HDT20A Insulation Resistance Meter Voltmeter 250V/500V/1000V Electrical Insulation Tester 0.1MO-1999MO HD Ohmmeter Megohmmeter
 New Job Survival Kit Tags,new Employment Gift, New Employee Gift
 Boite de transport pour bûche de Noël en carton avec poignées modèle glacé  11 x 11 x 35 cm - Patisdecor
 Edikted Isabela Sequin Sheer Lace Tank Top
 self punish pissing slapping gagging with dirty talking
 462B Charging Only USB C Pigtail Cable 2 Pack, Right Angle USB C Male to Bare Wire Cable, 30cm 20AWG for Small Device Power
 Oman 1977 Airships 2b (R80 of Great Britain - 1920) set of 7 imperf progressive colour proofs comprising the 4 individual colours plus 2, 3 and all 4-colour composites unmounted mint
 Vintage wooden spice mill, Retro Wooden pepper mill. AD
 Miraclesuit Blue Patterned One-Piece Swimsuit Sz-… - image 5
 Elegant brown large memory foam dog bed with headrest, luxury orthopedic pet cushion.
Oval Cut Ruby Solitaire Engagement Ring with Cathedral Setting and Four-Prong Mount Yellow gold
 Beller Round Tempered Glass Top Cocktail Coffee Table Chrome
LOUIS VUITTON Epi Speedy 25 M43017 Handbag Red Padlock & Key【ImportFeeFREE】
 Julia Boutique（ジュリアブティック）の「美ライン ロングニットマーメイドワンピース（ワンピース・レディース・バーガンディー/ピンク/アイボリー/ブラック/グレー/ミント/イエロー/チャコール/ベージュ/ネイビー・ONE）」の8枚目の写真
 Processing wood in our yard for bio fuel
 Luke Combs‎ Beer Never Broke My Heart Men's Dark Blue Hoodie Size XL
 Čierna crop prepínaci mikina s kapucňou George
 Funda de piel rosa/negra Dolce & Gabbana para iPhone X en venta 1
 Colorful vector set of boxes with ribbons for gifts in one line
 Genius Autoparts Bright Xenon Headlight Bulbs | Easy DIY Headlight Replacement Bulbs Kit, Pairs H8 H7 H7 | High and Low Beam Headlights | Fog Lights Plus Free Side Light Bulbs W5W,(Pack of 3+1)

- The problem: Each line from the top of the material above, through the one that contains "LOUIS VUITTON Epi", should be restated word for word.

- Answer box:
HDT20A Insulation Resistance Meter Voltmeter 250V/500V/1000V Electrical Insulation Tester 0.1MO-1999MO HD Ohmmeter Megohmmeter
 New Job Survival Kit Tags,new Employment Gift, New Employee Gift
 Boite de transport pour bûche de Noël en carton avec poignées modèle glacé  11 x 11 x 35 cm - Patisdecor
 Edikted Isabela Sequin Sheer Lace Tank Top
 self punish pissing slapping gagging with dirty talking
 462B Charging Only USB C Pigtail Cable 2 Pack, Right Angle USB C Male to Bare Wire Cable, 30cm 20AWG for Small Device Power
 Oman 1977 Airships 2b (R80 of Great Britain - 1920) set of 7 imperf progressive colour proofs comprising the 4 individual colours plus 2, 3 and all 4-colour composites unmounted mint
 Vintage wooden spice mill, Retro Wooden pepper mill. AD
 Miraclesuit Blue Patterned One-Piece Swimsuit Sz-… - image 5
 Elegant brown large memory foam dog bed with headrest, luxury orthopedic pet cushion.
Oval Cut Ruby Solitaire Engagement Ring with Cathedral Setting and Four-Prong Mount Yellow gold
 Beller Round Tempered Glass Top Cocktail Coffee Table Chrome
LOUIS VUITTON Epi Speedy 25 M43017 Handbag Red Padlock & Key【ImportFeeFREE】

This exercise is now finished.